Exercise description: Write the listing out again word for word, skipping each picture.
━━━ The data ━━━
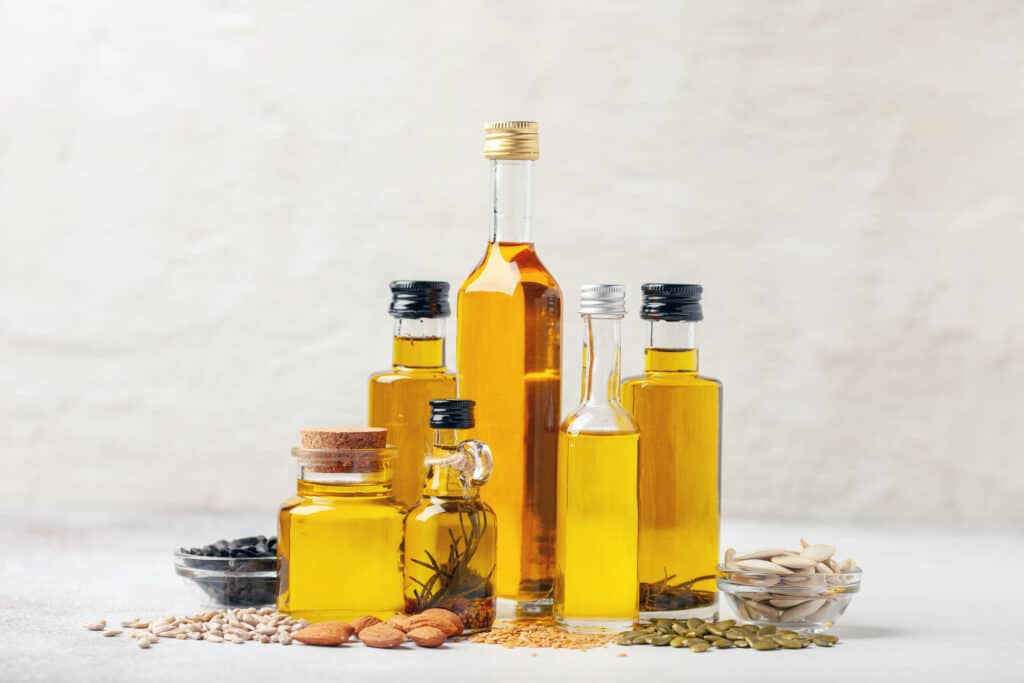 Various vegetable and nut oil in bottles on a bright background.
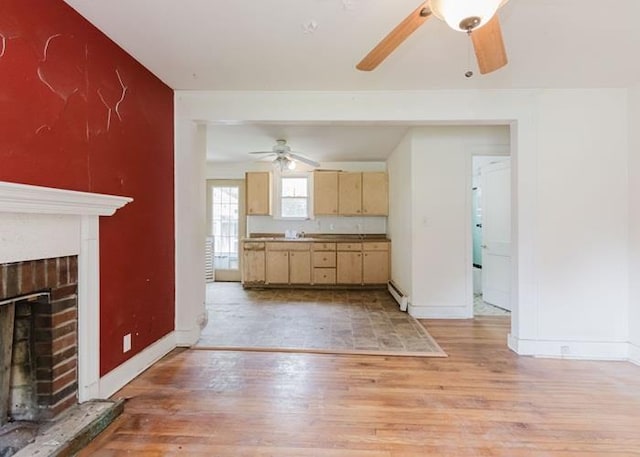 8 Gary Dr, Hyde Park, NY 12538 - kitchen with ceiling fan, a baseboard radiator, light wood-style floors, and a fireplace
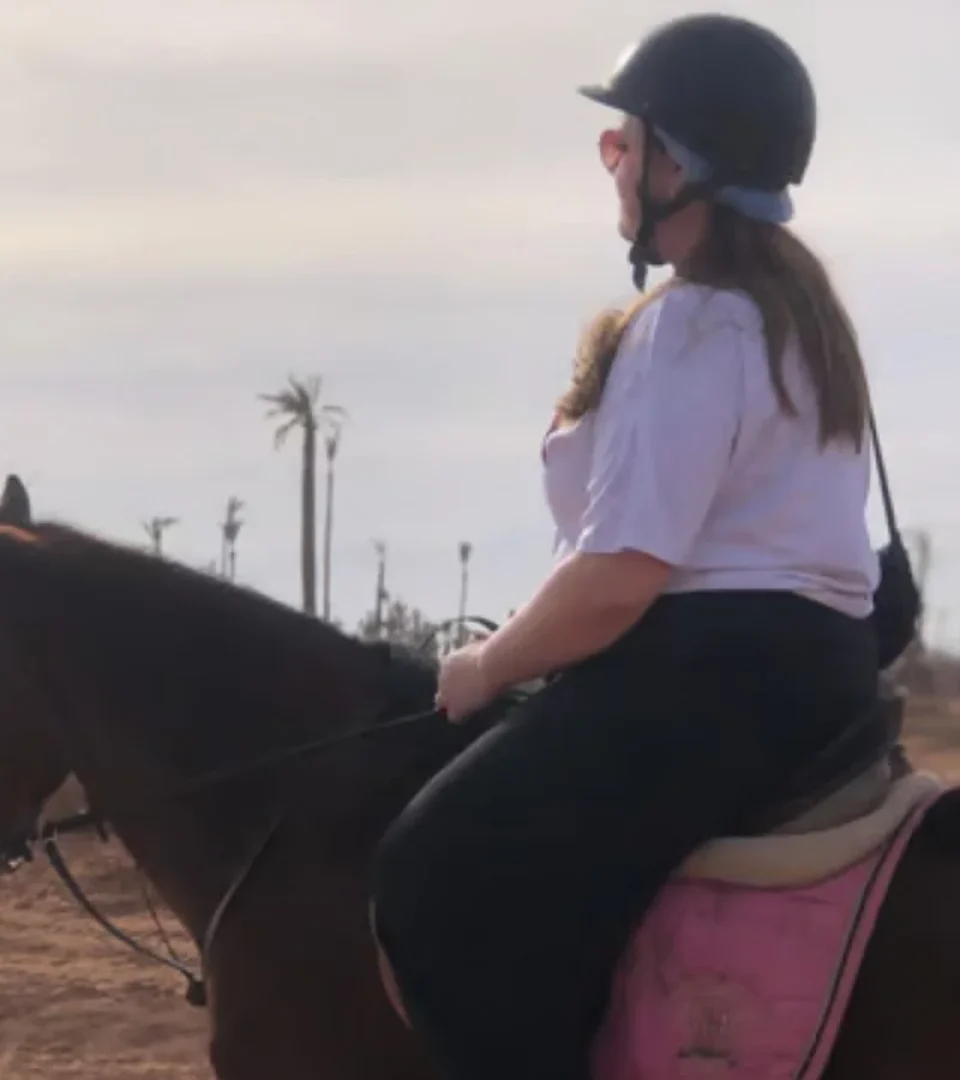 A rider enjoying horse riding in Marrakech Morocco, exploring desert landscapes with palm trees in the background.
━━━
Result:
 Various vegetable and nut oil in bottles on a bright background.
 8 Gary Dr, Hyde Park, NY 12538 - kitchen with ceiling fan, a baseboard radiator, light wood-style floors, and a fireplace
 A rider enjoying horse riding in Marrakech Morocco, exploring desert landscapes with palm trees in the background.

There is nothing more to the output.